According to the Harvard Business Review, “Most companies work hard to determine the root causes of customer dissatisfaction. But it’s equally important to determine the sources of customer delight."
Determine what your customers loved about your product or service and what really works for them in their daily business efforts.
If you see a pattern across certain industries or buyer personas, adjust your sales communications (scripts, social selling, etc.) to incorporate some of the positive feedback you received. And it goes without saying, if your customers aren’t happy, take time to fix the problem.
Focusing on engagement and building relationships through social selling is a great way to build your network of prospects. Three-quarters of salespeople who use LinkedIn report higher sales success rates than those who don’t.
And, your LinkedIn social selling index shows how good you are at making a connection and converting through the business-oriented social platform.
The social selling index rates you in comparison to others in your industry, so you can gauge how successful your pitches are and whether that’s in the median range for your area of business. In addition, it’s updated daily, so you can frequently update and test your messaging to find the pitch that resonates best with your potential clients.
Some companies focus their commendations on the salespeople that close the deal. However, that approach ignores a large portion of the work that goes on behind the scenes.
The staff members who prospect successfully, make cold calls, and nurture leads are creating a funnel that allows your closers to be successful. Gauge metrics at each stage to find your best success stories and the hidden gems on your team who are plugging away in their own areas.
Taking a holistic look at your sales efforts will yield a greater range of areas for improvement. It also allows you the opportunity to acknowledge the efforts of your entire team and develop your up-and-coming sales superstars, rather than focusing only on the people who generate the final results.
If you’re concerned about your sales success, you may want to look at ways to streamline and improve your processes. Working with an outsourced sales team can give you a new lease on life when it comes to your sales success. Here’s what they can offer:
One of the things salespeople tend to dread is outbound calling. And, it can also be an extremely time-consuming process.
In fact, the average sales rep spends about 25 hours a month just dialling or leaving voicemails, most of which are completely ignored by prospects.

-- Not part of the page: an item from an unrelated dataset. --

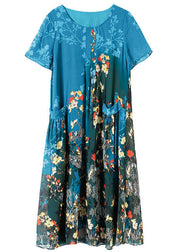 Beautiful Blue O-Neck Pockets Print Chiffon A Line Dress Short Sleeve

Working with an outsourced sales team gives you the opportunity to determine where they make connections and where in the sales process they hand off to your inbound team. They can provide the energy and upfront effort to build up your prospects and leads, then give you the opportunity to seal the deal.
When you manage all your sales in-house, it may be difficult to find time to thoroughly review data. When you partner with an outsourced sales team, their entire focus is growing your sales successes and giving you excellent leads to work with.
Your data gives them guidance on how to proceed successfully. And, as such, a full team is available to focus on your needs.
Quality assurance team members will work to make sure your message is being communicated as intended and generating the best possible results, while trainers will make sure the staff is educated and has a thorough understanding of your product, benefits, and approach.
More than 71% of qualified leads are never followed up with.
That lack of follow through isn’t necessarily because of lackluster sales teams; instead, it’s because your in-house team is busy juggling multiple responsibilities. When you have an outsourced team focused on creating leads and driving those initial contacts forward, you’ll build and nurture a bigger pool of potential clients.
Being successful in sales can mean different things to different organizations. Whether it means growing numbers, increasing efficiency, or building strong partnerships, an outsourced sales partnership may be one tool that helps you move the needle on your success stats.